→ Material for the task
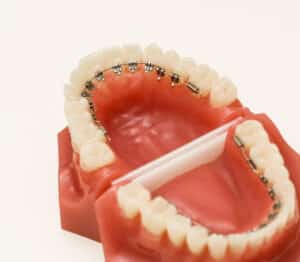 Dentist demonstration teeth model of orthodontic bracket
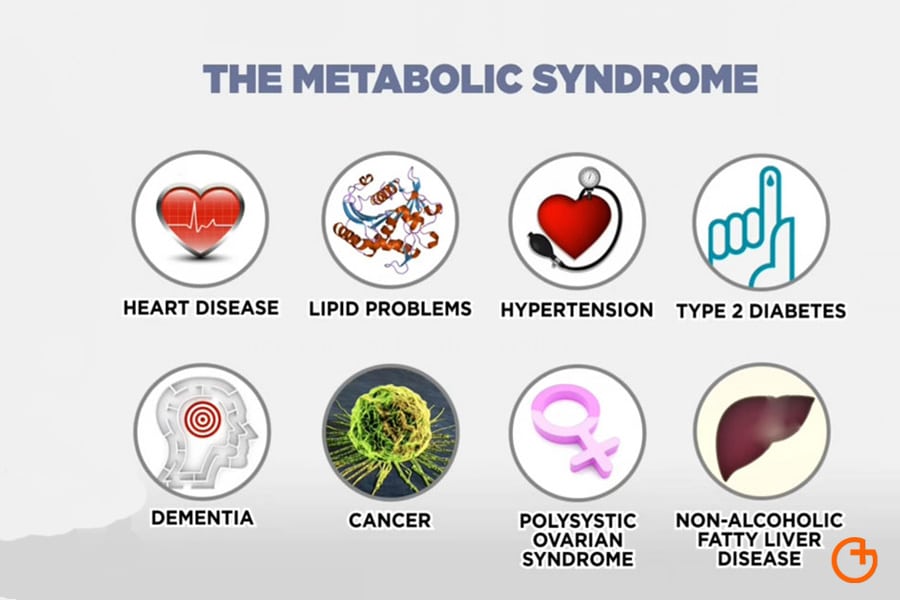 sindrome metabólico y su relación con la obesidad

---

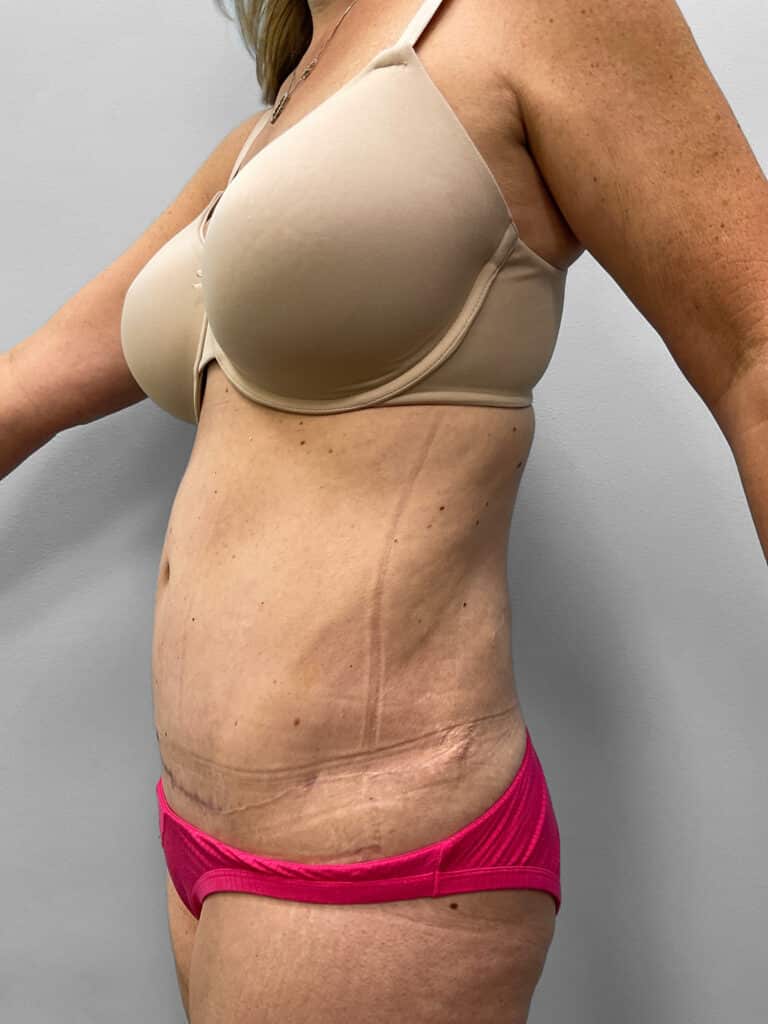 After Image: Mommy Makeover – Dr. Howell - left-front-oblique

→ Exercise instructions
Above are records; repeat only the lines from the line with "Dentist demonstration teeth" through the line with "sindrome metabólico y", and leave pictures out.

→ Output for this task
 Dentist demonstration teeth model of orthodontic bracket
 sindrome metabólico y su relación con la obesidad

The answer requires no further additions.